To get the latest release, call:
> lingual selfupdate
You can optionally bypass the installation and just download the latest version of the Lingual client by calling:
> wget -i http://files.concurrentinc.com/lingual/1.0/lingual-client/latest.txt
Note, the install-lingual-client.sh file is also a valid Amazon EMR bootstrap action.
elastic-mapreduce \
--create \
--instance-group master --instance-count 1 --instance-type $MASTER_INSTANCE_TYPE \
--instance-group core --instance-count $1 --instance-type $SLAVE_INSTANCE_TYPE \
--bootstrap-action s3://files.cascading.org/sdk/2.1/install-cascading-sdk.sh \
--bootstrap-action s3://files.concurrentinc.com/lingual/1.0/lingual-client/install-lingual-client.sh \
--name "Cascading Cluster - $USER" \
--key-pair $EMR_SSH_KEY_NAME \
--alive
Lingual provides two JDBC Driver jars with self contained dependencies in the Conjars Maven repository.
The JDBC connection string is of the form jdbc:lingual:[platform], where [platform] is either local or hadoop.

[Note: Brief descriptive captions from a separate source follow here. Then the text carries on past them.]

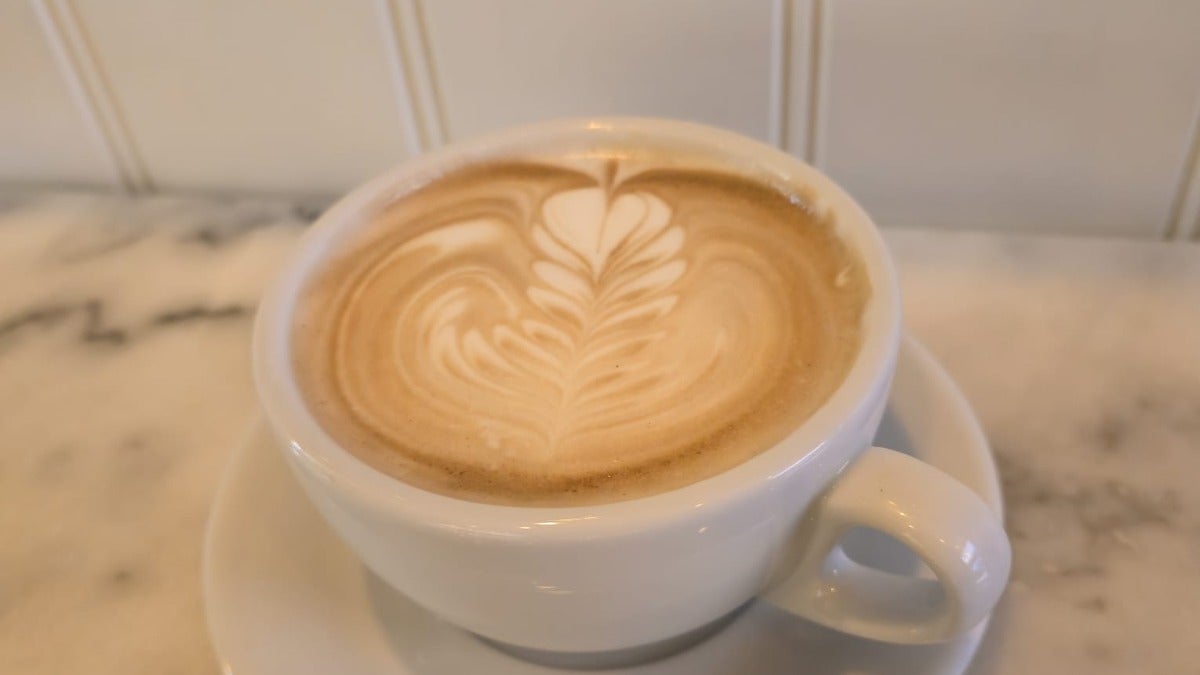 Flat White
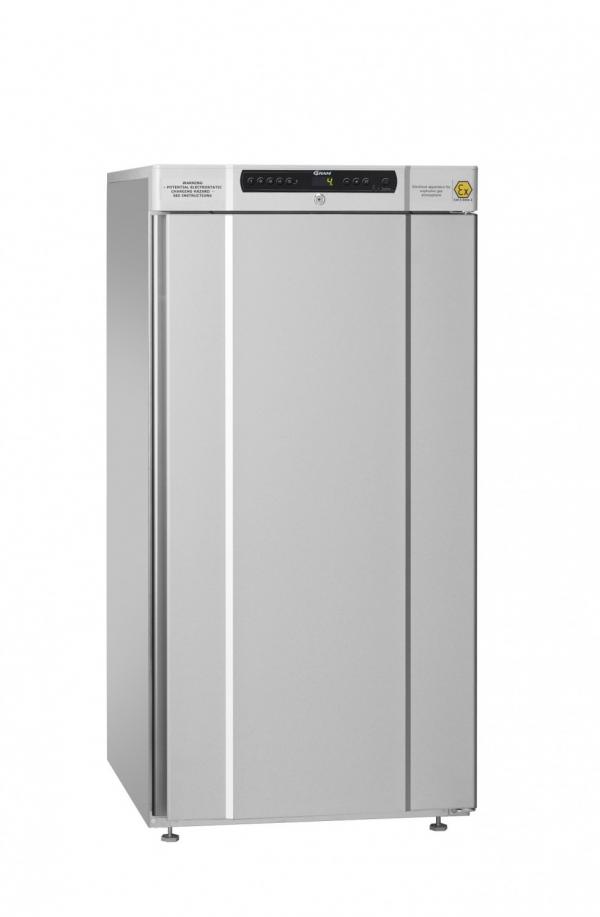 Gram BioCompact II RR310 koelkast RVS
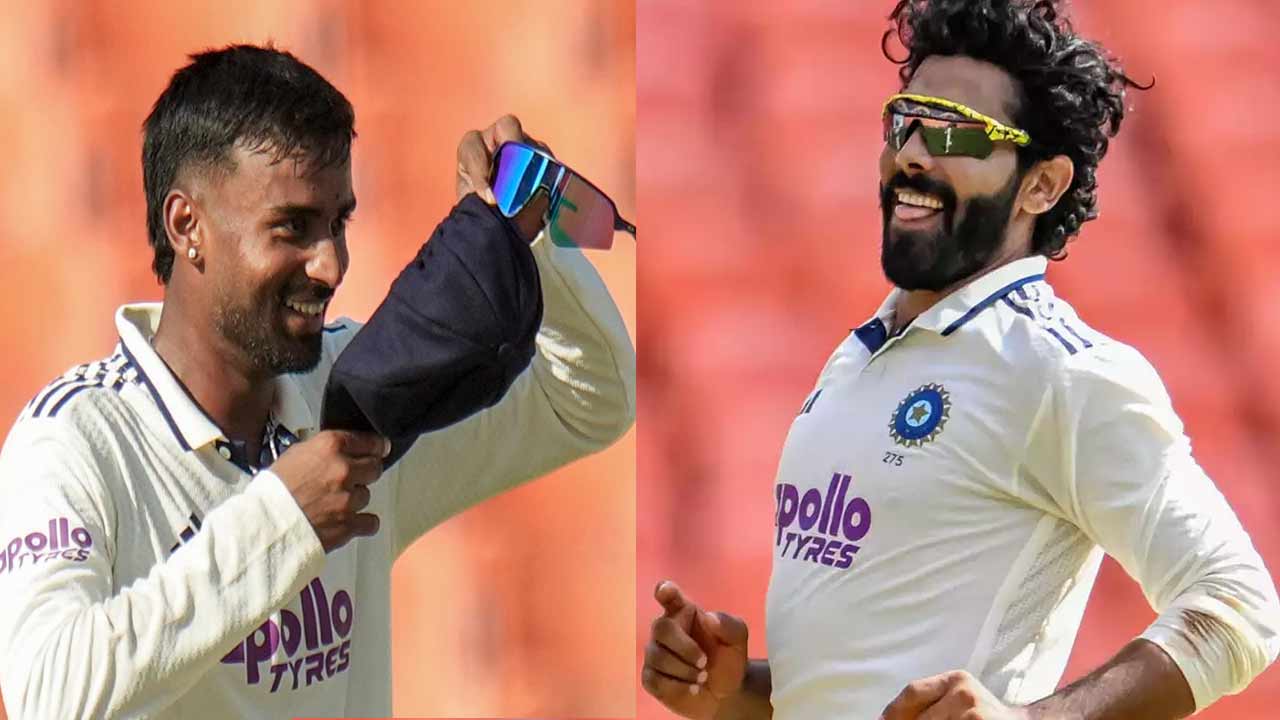 Ravindra Jadeja: భారత జట్టులో కొత్త చర్చ..! జడేజా స్థానానికి ముప్పు తప్పదా..?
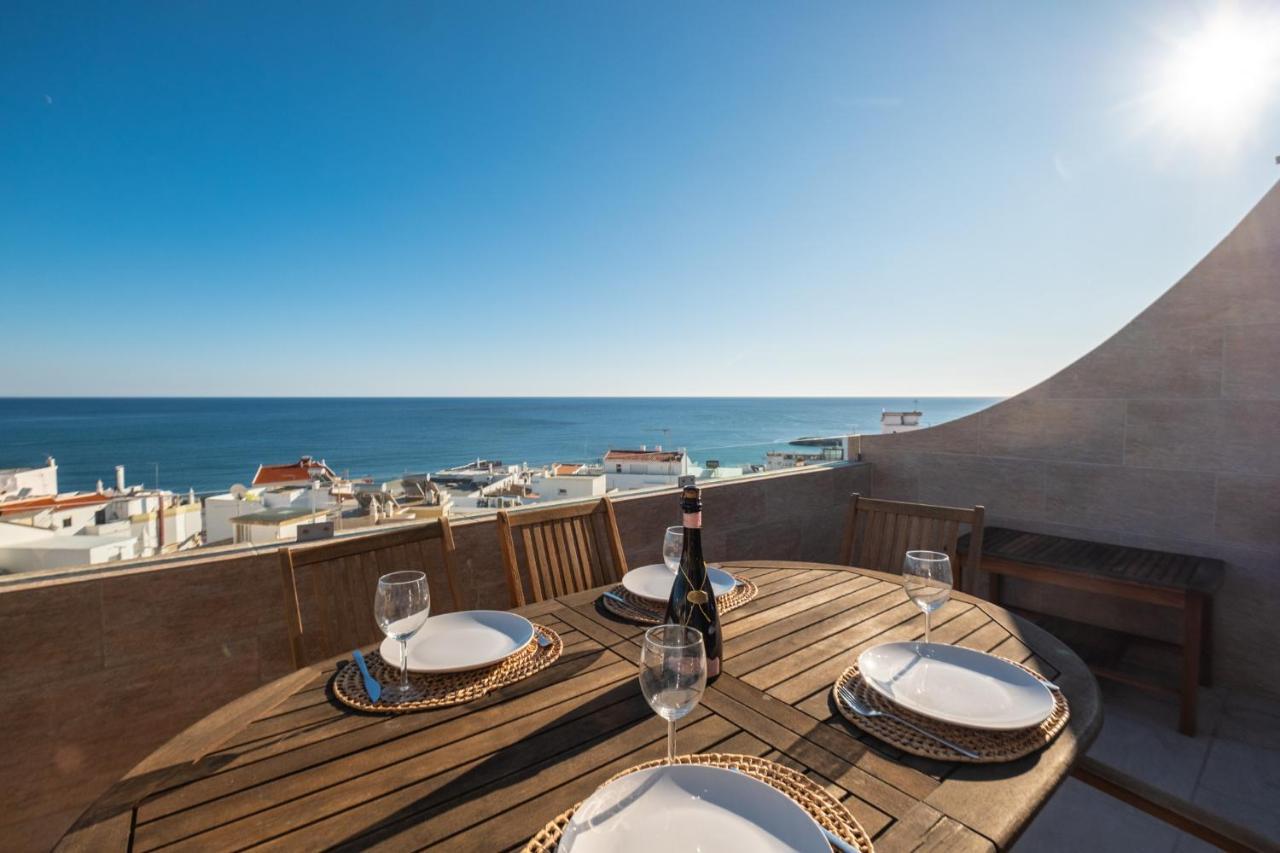 #017 T2 Rossio By Home Holidays Albufeira Eksteriør billede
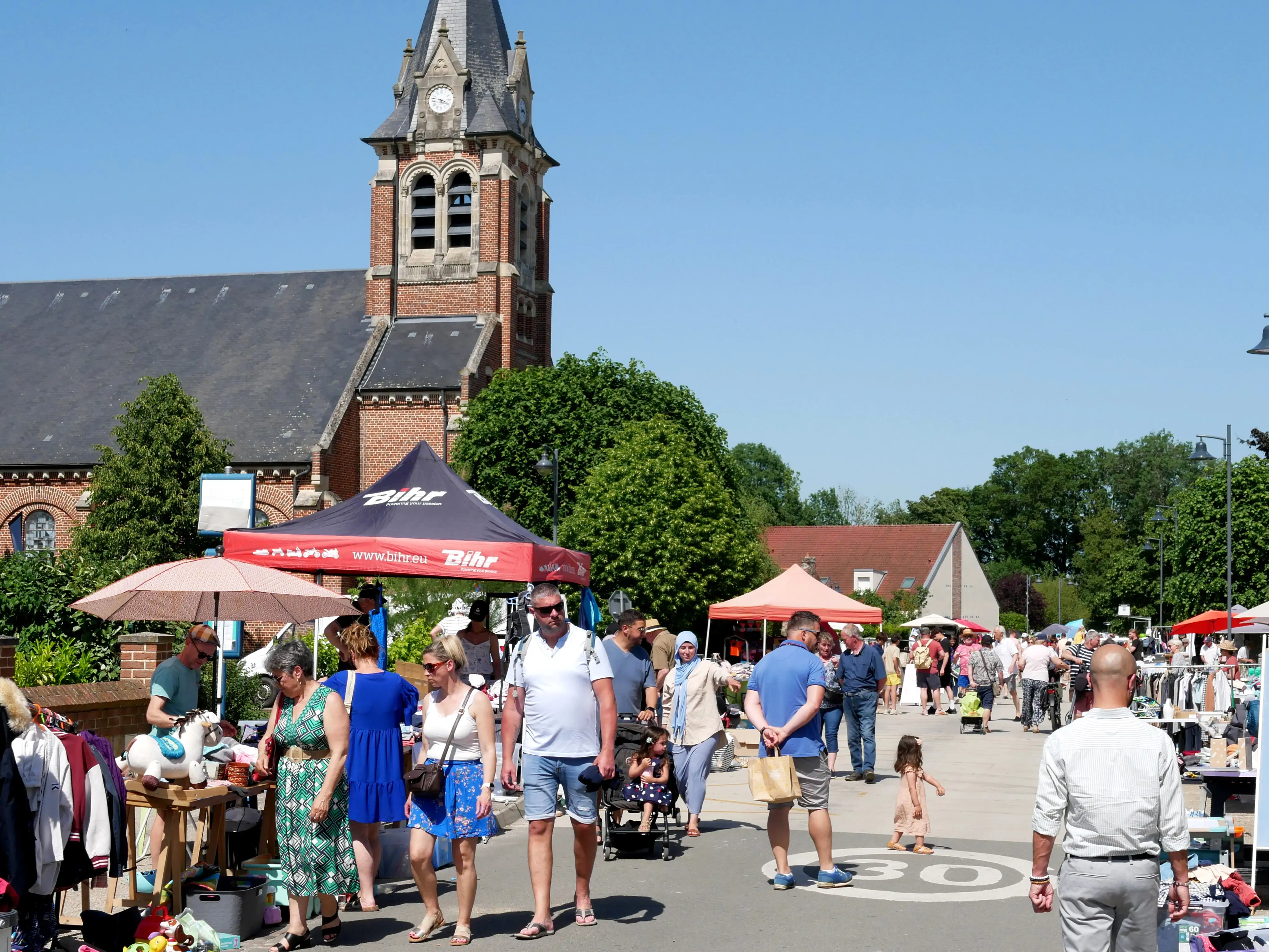 Amiens et sa Métropole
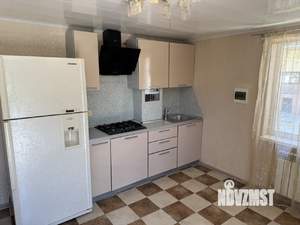 Дом 40м², 1-этажный, на длительный срок,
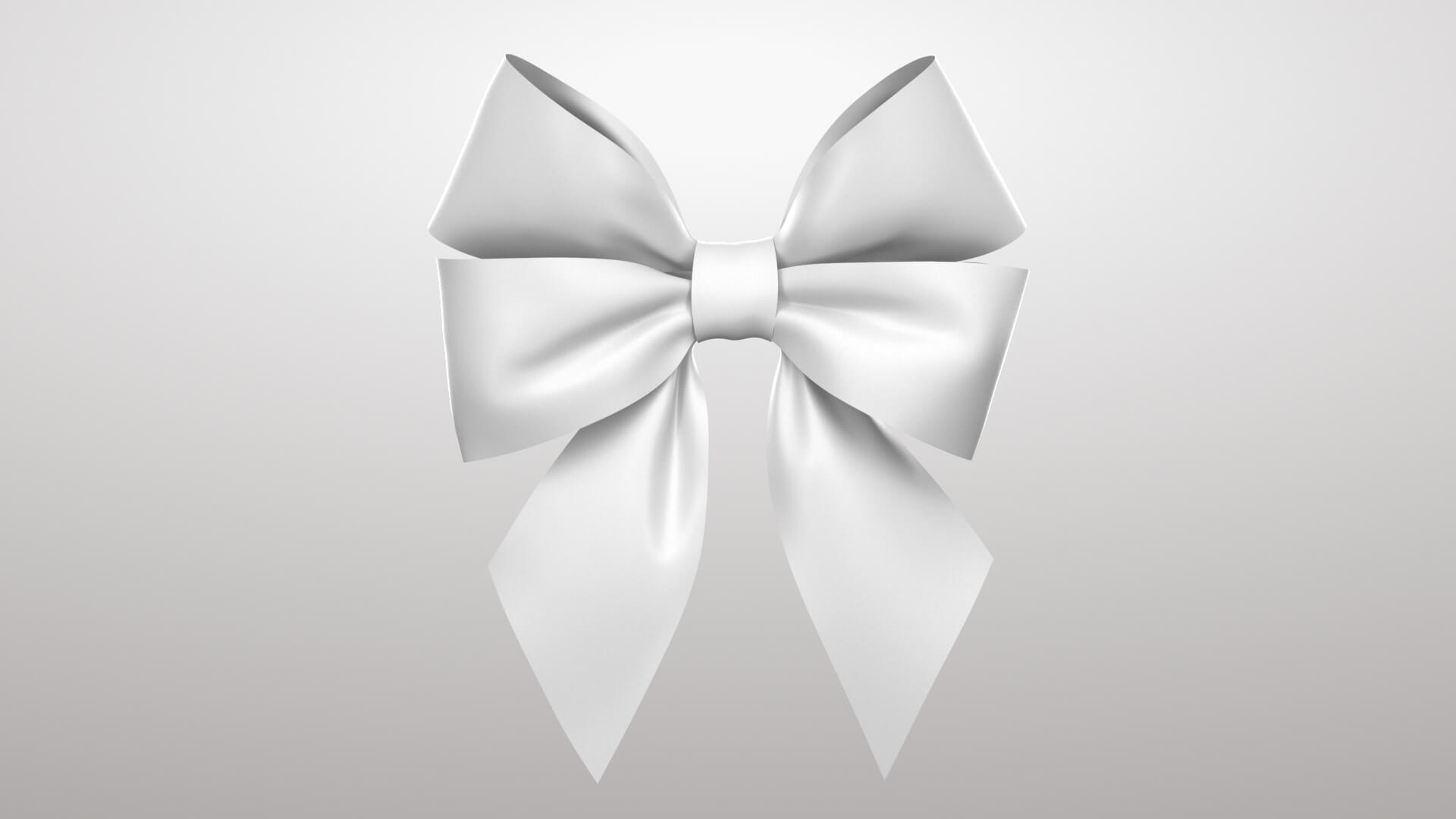 Bow 18v Props Daz Content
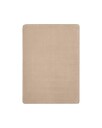 Lobby teppe med kanting beige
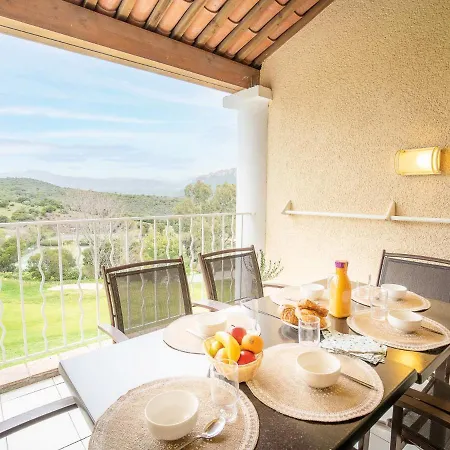 Apartment Village Cap Esterel - L'esquinade-63 By Interhome *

Additional JDBC properties may be set using the form:
jdbc:lingual:[platform];[property]=[value];[property]=[value];...
Where the property keys are:
- catalog=[path] - the working directory where your .lingual workspace is kept
- schema=[name] - set the default schema name to use
- schemas=[path,path] - URI paths to the set of schema/tables to install in the catalog
- resultPath=[path] - temporary root path for result sets to be stored
- flowPlanPath=[path] - for debugging, print the corresponding Flow dot file here
- sqlPlanPath=[path] - for debugging, print the corresponding SQL plan file here
Platform is requried to help the driver distinguish between either backend when more than one JDBC Driver is in the CLASSPATH.
To pull either of these jars, the jdbc Maven classifier must be used.
For the local mode platform:
<dependency>
<groupId>cascading</groupId>
<artifactId>lingual-local</artifactId>
<version>x.y.z</version>
<classifier>jdbc</classifier>
</dependency>
For the hadoop mode platform:
<dependency>
<groupId>cascading</groupId>
<artifactId>lingual-hadoop</artifactId>
<version>x.y.z</version>
<classifier>jdbc</classifier>
</dependency>
Alternatively, pulling the default artifacts (without the classifier) will also pull any relevant dependencies as would be expected.
The best way to report an issue is to add a new test to SimpleSqlPlatformTest along with the expected result set
and submit a pull request on GitHub.
Failing that, feel free to open an issue on the Cascading/Ligual project site or mail the mailing list.
Running:
> gradle idea
from the root of the project will create all IntelliJ project and module files, and retrieve all dependencies.